I washed the trailer today and one of the front cool decals started to peel off







. I carefully folded the decal back into place, but I am wondering if there is a type of glue or adhesive that I can put under the decal to make it stick to the surface. Any suggestions would be appreciated. Thanks.


----------



## CamperAndy (Aug 26, 2004)

Were you using a pressure washer??

How big of an area are we talking about?


----------



## Crawfish (Sep 14, 2005)

Bob,

I don't know anything about how to glue them back, even if you can, but I would suggest send a PM to "6pack" and ask him, maybe he can help you. He is well briefed on decals. He might know.

"*Let's Go Camping*"

Crawfish


----------



## ee4308 (Aug 23, 2005)

I have washed my tt a couple times since applying the decals with no trouble. However, I washed very lightly over the decals. Maybe 6pack will have some advice for you. sunny Good luck.


----------



## shaela21 (Aug 16, 2005)

I will send him a PM, thank you. I use a soft brush on a long handle to wash the trailer and the truck. No pressure washer at all, and the soap I use is for RV's to wash and wax. Thanks again.


----------



## 2500Ram (Oct 30, 2005)

shaela21 said:


> I will send him a PM, thank you. I use a soft brush on a long handle to wash the trailer and the truck. No pressure washer at all, and the soap I use is for RV's to wash and wax. Thanks again.
> [snapback]65243[/snapback]​


Sounds like the decal man on your camper was the same person as the tank label man


----------



## PDX_Doug (Nov 16, 2004)

Actually Ram, the tank label guy only does the bathroom fan wiring when he has some spare time.

Unless the radio guy is sick, and the slide seal inspector is too busy rolling doobies out back with the Nanco rep!









Happy Trails,
Doug


----------



## Thor (Apr 7, 2004)

Any automotive dealer will have some adhesive for decals. It is the same stuff to glue on pin stripping and our graphics.

Thor


----------



## tdvffjohn (Mar 10, 2005)

Sounds like the surface had a little wax on it when you put on cool decals. I would only do what 6pack advises.

John


----------



## Campinout (Jun 18, 2004)

Sounds like the decal man on your camper was the same person as the tank label man








[snapback]65244[/snapback]​[/quote]















GOOD ONE!!!!!!


----------



## 6pack (Apr 18, 2005)

shaela21 said:


> I washed the trailer today and one of the front cool decals started to peel off
> 
> 
> 
> ...


Shaela,
I sent you a PM in response to the one you sent. But it won't make a lot of sense after reading this. I gave you instructions on how to fix one of MY decals!

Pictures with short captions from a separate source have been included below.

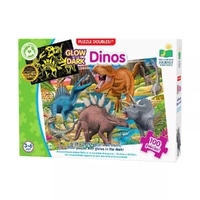 Dinos Floor Puzzle Glow 100Pc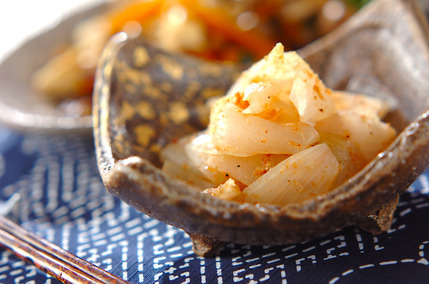 玉ネギのエビ和え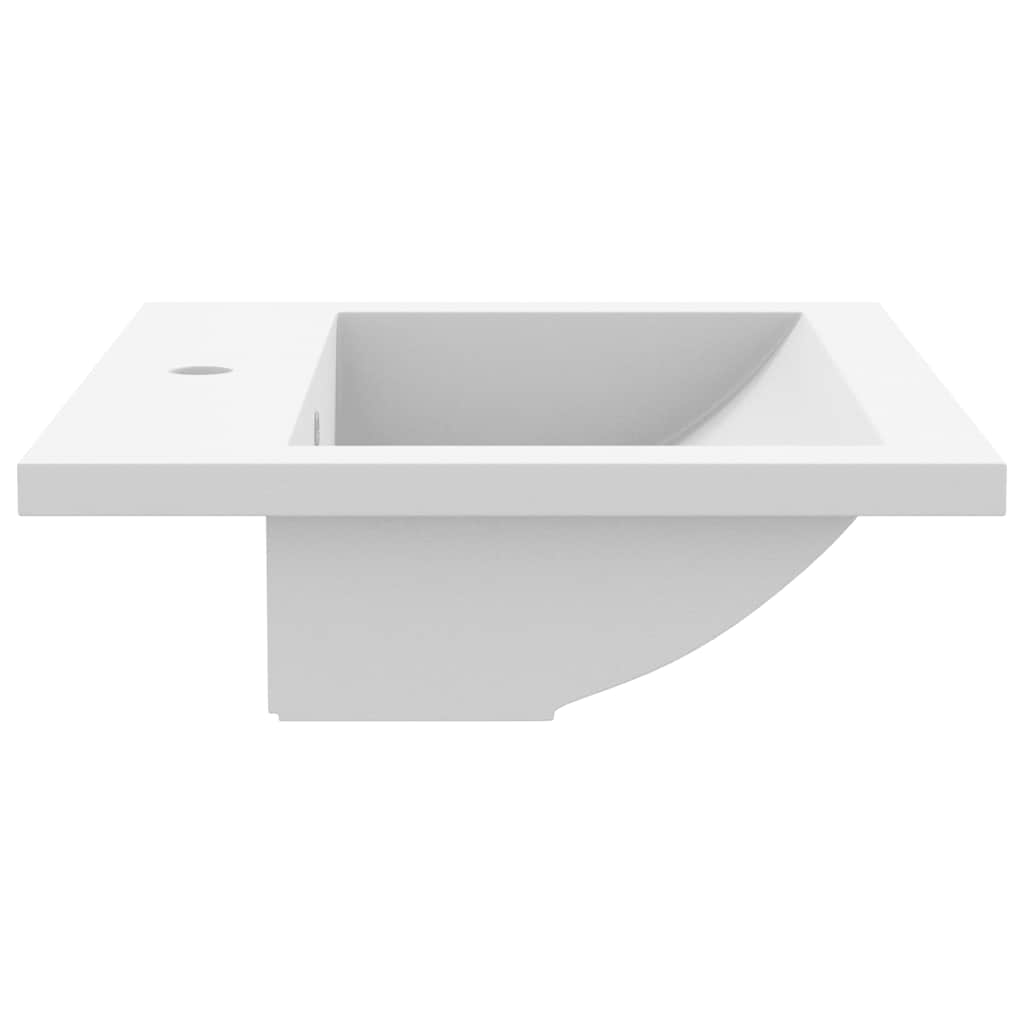 Lavandino in Granito 600x450x120 mm Bianco - homemem39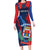 Personalized Costa Rica Cartago Province Long Sleeve Bodycon Dress Brumosos Hometown - Wonder Print Shop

As for the Outback trailer decals, I would look into warranty. Most vinyl comes with a warranty, and Keystone should cover that if it is a fairly new trailer. I had a roll of vinyl do that once, everything I produced on it would not adhere. So I sent it back and got my money back. Luckly I didn't get many jobs done before the problem was found or I would still be replacing them!

Any adheasive you put on there is going to be harsh on your paint. I would only use automotive grade vinyl designed for such applications, and never use an adheasive on a painted surface like that.

your best bet is to remove it and get some new ones from the dealer ASAP. If your trailer isn't too old, it may not have left a mark on the surface from being sun bleached. But if it is, just line the new stickers up to it, and you'll know it is straight!

Thanks,
JD


----------



## drobe5150 (Jan 21, 2005)

keystone will replace the decals/graphics under warranty, that is one of the issues my dealer is taking care of. they replace the whole front cap for it comes in a kit.

darrel


----------